Background: Sodium polystyrene sulfonate (Kayexalate; Sanofi-Aventis, Paris, France) is a cation-exchange resin routinely used in the management of hyperkalemia. However, its use has been associated with colonic necrosis and other fatal gastrointestinal adverse events. Although the addition of sorbitol to sodium polystyrene sulfonate preparations was previously believed to be the cause of gastrointestinal injury, recent reports have suggested that sodium polystyrene sulfonate itself may be toxic. Our objective was to systematically review case reports of adverse gastrointestinal events associated with sodium polystyrene sulfonate use.

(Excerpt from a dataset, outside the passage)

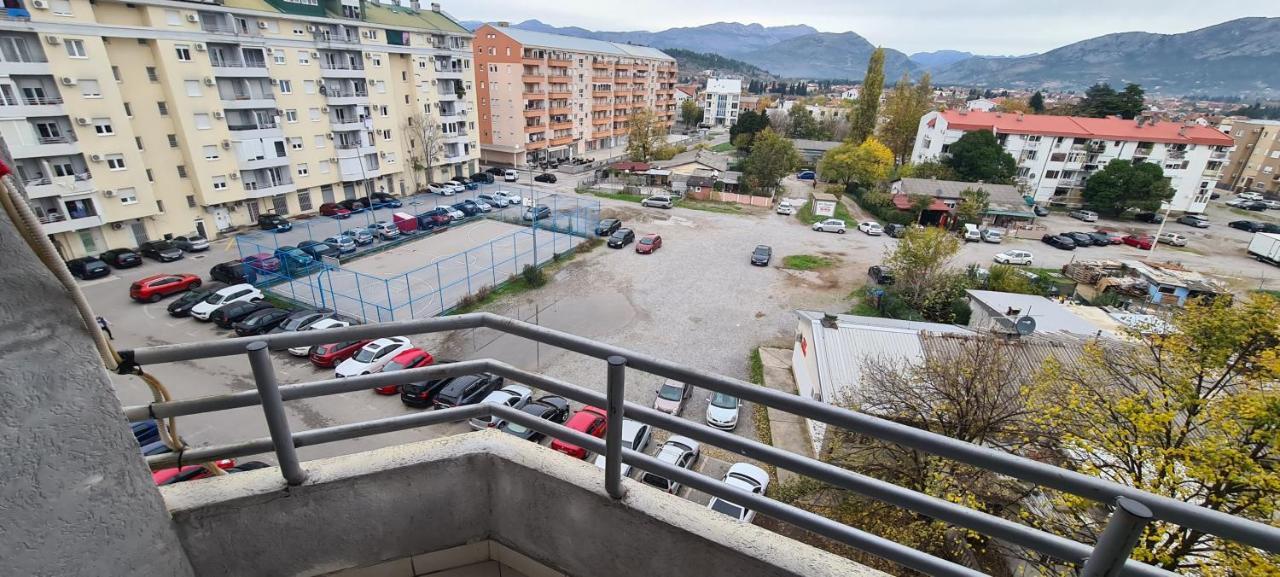 Apartman Velimir Stari Aerodrom Подгорица Екстериор снимка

Methods: MEDLINE (1948 to July 2011), EMBASE (1980 to July 2011), Cochrane Central Register of Controlled Trials (CENTRAL) (1993 to July 27, 2011), bibliographies of identified articles, and websites of relevant drug agencies and professional associations in the United States and Canada were reviewed to identify eligible reports of adverse gastrointestinal events associated with sodium polystyrene sulfonate use. Causality criteria of the World Health Organization causality assessment system were applied to each report.
Results: Thirty reports describing 58 cases (41 preparations containing sorbitol and 17 preparations without sorbitol) of adverse events were identified. The colon was the most common site of injury (n=44; 76%), and transmural necrosis (n=36; 62%) was the most common histopathologic lesion reported. Mortality was reported in 33% of these cases due to gastrointestinal injury.
Conclusions: Sodium polystyrene sulfonate use, both with and without sorbitol, may be associated with fatal gastrointestinal injury. Physicians must be cognizant of the risk of these adverse events when prescribing this therapy for the management of hyperkalemia.